I have tried it using libuconv with little success:
require ‘uconv’
class String
def un_utf8
Uconv.u8tou16(self).gsub(/\000/, ‘’)
end
def to_utf8
tmp = ""
self.each_byte { |b|
tmp += b.chr + "\000"
}
Uconv.u16tou8(tmp)
end
end
This program is ugly, and does not exactly what I want.
u8tou16 generates a string with 16 bit long characters,
for example “test”.un_utf8 == “t\000e\000s\000t\000”.
gsub clears the unnecessery “\000” characters from
the string. But there are characters in Hungarian,
that has non-zero second byte in the output of the
u8tou16, so they fail to convert. Anyway this is an
ugly hack.
How is it done nicely?
···
–
bSanyI
I think the iconv module handles this nicely:
require ‘iconv’
Iconv.conv(“utf-8”,“latin2”,“this is a test”)

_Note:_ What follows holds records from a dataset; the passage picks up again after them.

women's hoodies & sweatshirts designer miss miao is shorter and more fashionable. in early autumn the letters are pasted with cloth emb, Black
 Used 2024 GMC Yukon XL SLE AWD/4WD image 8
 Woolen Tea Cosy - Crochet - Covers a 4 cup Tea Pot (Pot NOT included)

Wesley J. Landaker - wjl@icecavern.net
OpenPGP FP: 4135 2A3B 4726 ACC5 9094 0097 F0A9 8A4C 4CD6 E3D2
···
On Friday 14 November 2003 7:46 am, Bedo Sandor wrote:
Hi,
How can I convert utf-8 encoded strings to latin-2?
I have tried it using libuconv with little success:
require ‘uconv’
class String
def un_utf8
Uconv.u8tou16(self).gsub(/\000/, ‘’)
end
def to_utf8
tmp = ""
self.each_byte { |b|
tmp += b.chr + "\000"
}
Uconv.u16tou8(tmp)
end
end
This program is ugly, and does not exactly what I want.
u8tou16 generates a string with 16 bit long characters,
for example “test”.un_utf8 == “t\000e\000s\000t\000”.
gsub clears the unnecessery “\000” characters from
the string. But there are characters in Hungarian,
that has non-zero second byte in the output of the
u8tou16, so they fail to convert. Anyway this is an
ugly hack.
How is it done nicely?